DNMTs are the major determinants of physiological DNA methylation levels ( 49 ), but their role in cancer is uncertain ( 10 ). We identified a progressive and significant increase in DNMT1 expression from healthy subjects to MMs, PCLs and HMCLs ( P < 0.001). This finding, associated with global DNA hypomethylation, may appear paradoxical. Since DNMT1 is responsible for copying methylation patterns after DNA synthesis, one possible explanation is that elevated DNMT1 expression levels may reflect the progressive increase of the proliferative activity in the different categories rather than its involvement in DNA hypomethylation. This conclusion is consistent with previous studies on different types of human cancer where DNMT1 has been reported to be proliferation dependent ( 7 , 50 ). DNMT3a showed a moderate downregulation in MMs and PCLs compared with controls but a significant overexpression ( P < 0.001) in HMCLs. DNMT3b appeared to be overexpressed at very high levels in HMCLs. Further studies investigating gene-specific DNA methylation may help to explain the different patterns of DNMT3a and 3b expression in distinct types of PC dyscrasias. Overall, these findings indicate that aberrant expression of DNMTs is not probably the cause of hypomethylation pattern suggesting that other mechanisms may be involved in determining genome-wide hypomethylation in MM.
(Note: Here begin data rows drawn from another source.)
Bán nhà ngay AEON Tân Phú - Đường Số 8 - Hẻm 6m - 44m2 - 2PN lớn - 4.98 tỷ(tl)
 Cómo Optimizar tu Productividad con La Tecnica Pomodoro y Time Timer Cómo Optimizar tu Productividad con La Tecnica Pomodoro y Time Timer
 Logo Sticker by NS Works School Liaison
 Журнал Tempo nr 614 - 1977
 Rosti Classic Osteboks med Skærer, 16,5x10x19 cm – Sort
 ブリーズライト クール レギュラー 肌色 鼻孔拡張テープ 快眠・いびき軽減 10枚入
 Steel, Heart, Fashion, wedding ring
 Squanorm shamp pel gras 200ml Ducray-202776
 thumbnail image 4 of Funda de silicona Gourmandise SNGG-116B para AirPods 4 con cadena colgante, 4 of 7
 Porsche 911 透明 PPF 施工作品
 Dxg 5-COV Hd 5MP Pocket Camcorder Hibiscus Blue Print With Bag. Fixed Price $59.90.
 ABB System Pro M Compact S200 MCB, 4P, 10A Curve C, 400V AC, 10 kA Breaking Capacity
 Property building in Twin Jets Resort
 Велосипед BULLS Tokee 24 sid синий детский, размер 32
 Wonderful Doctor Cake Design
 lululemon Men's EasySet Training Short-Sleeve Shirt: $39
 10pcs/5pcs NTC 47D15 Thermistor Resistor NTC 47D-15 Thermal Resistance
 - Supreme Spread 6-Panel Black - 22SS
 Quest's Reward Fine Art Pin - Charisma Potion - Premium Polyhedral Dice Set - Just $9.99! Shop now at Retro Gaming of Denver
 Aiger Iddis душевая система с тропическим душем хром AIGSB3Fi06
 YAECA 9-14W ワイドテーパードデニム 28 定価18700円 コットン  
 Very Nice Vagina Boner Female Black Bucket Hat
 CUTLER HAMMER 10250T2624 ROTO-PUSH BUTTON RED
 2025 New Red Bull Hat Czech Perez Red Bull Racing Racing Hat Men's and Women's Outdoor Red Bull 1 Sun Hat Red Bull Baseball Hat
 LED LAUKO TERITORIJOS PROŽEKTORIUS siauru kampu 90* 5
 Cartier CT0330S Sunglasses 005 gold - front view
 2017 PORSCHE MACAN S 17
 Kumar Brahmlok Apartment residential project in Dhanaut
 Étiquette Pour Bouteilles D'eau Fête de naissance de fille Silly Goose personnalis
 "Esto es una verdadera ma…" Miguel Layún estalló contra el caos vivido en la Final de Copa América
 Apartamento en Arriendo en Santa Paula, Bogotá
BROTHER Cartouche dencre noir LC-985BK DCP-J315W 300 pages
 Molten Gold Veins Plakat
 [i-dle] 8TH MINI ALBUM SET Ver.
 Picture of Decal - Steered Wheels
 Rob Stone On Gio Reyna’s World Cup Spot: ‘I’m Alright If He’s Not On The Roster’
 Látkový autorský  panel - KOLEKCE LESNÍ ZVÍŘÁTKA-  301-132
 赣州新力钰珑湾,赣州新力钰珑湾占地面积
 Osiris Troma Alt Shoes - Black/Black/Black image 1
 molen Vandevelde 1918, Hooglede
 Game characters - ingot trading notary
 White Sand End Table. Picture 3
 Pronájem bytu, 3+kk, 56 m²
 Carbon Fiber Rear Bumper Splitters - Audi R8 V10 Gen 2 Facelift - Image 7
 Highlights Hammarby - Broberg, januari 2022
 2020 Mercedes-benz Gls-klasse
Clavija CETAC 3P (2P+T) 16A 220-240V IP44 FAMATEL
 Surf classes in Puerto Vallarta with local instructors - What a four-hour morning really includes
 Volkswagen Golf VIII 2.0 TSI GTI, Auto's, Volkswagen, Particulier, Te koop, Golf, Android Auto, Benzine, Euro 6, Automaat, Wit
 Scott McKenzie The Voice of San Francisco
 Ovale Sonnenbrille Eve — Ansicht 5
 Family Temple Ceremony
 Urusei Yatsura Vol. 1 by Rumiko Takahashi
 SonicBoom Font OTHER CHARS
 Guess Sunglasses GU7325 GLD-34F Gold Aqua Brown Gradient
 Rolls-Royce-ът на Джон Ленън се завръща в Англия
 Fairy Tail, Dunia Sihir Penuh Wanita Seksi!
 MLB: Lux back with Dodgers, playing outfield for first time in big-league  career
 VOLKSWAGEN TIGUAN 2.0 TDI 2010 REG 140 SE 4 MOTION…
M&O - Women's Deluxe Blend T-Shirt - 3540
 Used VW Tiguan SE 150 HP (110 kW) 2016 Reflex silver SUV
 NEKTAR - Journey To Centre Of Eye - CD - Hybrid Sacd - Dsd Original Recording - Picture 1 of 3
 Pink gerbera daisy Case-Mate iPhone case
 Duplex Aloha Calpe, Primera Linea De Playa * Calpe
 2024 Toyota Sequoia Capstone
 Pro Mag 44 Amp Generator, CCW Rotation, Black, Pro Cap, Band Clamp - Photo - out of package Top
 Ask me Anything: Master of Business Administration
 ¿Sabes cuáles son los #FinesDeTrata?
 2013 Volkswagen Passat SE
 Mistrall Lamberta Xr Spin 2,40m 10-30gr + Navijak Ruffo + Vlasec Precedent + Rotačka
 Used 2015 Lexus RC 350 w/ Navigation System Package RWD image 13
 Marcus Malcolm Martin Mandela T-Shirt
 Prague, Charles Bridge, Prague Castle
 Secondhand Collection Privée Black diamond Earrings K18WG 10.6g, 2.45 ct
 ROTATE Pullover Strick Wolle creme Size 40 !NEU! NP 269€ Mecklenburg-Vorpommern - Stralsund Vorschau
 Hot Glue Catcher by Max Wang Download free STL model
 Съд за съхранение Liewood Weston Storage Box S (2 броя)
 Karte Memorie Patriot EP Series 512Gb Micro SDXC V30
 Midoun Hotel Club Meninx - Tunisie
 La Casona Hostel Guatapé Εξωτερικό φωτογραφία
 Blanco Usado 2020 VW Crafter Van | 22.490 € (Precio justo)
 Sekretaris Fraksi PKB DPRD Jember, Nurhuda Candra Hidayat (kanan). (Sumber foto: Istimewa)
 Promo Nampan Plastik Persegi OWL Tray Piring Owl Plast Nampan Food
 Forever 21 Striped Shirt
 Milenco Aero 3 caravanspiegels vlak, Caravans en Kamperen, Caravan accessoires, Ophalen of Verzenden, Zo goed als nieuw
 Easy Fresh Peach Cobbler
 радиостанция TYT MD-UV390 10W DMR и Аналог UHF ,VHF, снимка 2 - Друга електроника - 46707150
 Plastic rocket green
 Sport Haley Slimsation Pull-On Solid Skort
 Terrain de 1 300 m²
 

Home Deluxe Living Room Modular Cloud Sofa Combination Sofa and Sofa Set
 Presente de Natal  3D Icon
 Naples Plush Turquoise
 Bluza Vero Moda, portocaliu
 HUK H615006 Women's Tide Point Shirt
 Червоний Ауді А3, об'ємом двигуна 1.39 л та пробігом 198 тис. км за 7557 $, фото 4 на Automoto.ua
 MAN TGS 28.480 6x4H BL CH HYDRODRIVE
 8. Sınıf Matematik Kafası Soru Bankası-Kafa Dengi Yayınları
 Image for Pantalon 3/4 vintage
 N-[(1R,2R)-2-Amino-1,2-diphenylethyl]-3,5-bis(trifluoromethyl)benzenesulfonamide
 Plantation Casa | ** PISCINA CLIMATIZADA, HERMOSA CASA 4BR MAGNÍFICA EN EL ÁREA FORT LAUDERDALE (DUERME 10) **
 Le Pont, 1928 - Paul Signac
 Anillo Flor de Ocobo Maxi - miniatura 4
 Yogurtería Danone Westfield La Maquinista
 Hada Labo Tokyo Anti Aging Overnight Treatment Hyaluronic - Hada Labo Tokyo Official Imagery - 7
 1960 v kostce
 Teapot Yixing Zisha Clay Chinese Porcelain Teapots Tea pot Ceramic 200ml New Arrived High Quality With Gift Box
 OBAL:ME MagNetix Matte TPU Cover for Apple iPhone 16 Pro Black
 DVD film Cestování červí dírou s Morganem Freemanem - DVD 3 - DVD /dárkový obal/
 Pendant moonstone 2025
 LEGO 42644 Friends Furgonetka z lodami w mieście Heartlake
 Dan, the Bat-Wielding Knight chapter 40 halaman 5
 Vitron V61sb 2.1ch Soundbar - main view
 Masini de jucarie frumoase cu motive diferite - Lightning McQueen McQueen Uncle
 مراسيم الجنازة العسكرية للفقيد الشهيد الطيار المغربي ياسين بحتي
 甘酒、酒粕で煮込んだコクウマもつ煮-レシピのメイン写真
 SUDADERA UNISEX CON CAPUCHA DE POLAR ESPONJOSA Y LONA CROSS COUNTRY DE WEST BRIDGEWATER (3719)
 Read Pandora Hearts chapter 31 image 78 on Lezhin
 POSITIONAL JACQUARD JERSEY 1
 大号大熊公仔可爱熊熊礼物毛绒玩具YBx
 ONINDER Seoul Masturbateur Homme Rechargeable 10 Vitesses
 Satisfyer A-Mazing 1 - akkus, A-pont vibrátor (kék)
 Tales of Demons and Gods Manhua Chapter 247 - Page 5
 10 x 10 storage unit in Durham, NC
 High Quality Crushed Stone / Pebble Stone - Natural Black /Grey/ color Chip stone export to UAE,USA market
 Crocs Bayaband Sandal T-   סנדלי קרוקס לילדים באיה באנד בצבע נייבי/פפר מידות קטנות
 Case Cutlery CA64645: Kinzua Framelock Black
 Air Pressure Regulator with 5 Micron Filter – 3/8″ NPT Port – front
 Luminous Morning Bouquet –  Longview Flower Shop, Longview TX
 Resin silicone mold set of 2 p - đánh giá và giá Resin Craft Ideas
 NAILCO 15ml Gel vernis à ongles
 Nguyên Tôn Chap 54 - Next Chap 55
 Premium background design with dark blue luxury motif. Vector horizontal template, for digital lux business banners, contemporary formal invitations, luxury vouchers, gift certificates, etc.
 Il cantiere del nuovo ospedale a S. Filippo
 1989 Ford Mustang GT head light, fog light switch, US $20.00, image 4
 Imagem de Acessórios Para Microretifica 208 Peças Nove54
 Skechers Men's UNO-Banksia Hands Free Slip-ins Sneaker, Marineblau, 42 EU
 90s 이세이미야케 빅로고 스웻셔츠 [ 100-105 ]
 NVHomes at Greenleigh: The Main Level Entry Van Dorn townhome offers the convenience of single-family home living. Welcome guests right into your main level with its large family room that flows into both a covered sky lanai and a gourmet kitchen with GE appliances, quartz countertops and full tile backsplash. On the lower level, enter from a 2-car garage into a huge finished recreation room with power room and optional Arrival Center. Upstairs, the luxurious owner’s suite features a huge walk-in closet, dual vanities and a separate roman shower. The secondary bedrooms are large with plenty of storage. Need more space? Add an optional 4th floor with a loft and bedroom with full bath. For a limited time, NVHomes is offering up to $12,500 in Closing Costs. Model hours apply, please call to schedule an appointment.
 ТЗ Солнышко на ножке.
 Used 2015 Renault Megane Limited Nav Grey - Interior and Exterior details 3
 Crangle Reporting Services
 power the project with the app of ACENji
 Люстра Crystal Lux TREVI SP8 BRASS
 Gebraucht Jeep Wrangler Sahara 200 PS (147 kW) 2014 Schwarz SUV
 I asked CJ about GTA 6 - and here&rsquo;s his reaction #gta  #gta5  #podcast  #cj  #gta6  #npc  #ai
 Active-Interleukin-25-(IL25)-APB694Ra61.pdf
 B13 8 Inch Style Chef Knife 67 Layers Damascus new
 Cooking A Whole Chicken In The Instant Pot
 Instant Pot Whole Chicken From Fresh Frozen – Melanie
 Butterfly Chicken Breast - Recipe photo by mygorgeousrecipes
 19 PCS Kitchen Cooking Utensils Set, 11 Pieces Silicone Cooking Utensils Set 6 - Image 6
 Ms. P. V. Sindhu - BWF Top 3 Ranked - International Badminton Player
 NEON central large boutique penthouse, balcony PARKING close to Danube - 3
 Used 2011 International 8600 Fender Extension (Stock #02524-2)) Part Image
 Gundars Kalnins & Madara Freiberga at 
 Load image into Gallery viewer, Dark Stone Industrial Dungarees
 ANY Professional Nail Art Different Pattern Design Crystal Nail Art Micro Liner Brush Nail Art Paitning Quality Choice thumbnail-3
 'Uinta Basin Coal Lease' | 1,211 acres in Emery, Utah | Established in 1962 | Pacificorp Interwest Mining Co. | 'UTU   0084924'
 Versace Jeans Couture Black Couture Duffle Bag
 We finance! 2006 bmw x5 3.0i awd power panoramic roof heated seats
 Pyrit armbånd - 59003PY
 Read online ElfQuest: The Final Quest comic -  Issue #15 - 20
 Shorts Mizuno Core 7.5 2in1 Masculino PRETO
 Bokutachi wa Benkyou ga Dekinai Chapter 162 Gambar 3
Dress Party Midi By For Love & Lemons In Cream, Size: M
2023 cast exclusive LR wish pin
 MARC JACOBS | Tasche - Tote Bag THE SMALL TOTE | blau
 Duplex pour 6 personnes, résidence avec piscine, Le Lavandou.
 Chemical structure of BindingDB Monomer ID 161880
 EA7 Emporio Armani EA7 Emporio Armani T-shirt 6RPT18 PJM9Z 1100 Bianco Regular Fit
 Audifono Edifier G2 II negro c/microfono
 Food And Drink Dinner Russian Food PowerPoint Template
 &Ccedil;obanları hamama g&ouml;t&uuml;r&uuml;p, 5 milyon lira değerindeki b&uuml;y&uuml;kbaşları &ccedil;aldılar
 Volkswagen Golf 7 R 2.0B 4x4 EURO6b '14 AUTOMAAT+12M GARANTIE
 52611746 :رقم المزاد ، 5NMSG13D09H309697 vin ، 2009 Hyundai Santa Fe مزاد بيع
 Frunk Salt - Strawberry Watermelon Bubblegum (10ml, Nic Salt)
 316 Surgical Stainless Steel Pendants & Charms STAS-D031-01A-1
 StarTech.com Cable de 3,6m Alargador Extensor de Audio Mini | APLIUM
In conclusion, our data suggest that epigenetic changes observed using a quantitative method may lead to a better understanding of MM pathogenesis and may contribute to identify novel markers useful to assess risk stratification and disease progression.
Funding
CARIPLO Foundation (2007-5469); Associazione Italiana Ricerca sul Cancro to A.N.; Associazione Italiana Leucemie, Milano.
Abbreviations
- DNMT
DNA methyltransferase
- HMCL
human myeloma cell line
- LINE-1
long interspersed nuclear element 1
- PC
plasma cell
- PCL
plasma cell leukemia
- 5mC
5 methylcytosine
- MM
multiple myeloma
- PCR
polymerase chain reaction
- SAT-α
satellite alpha
Conflict of Interest Statement: None declared.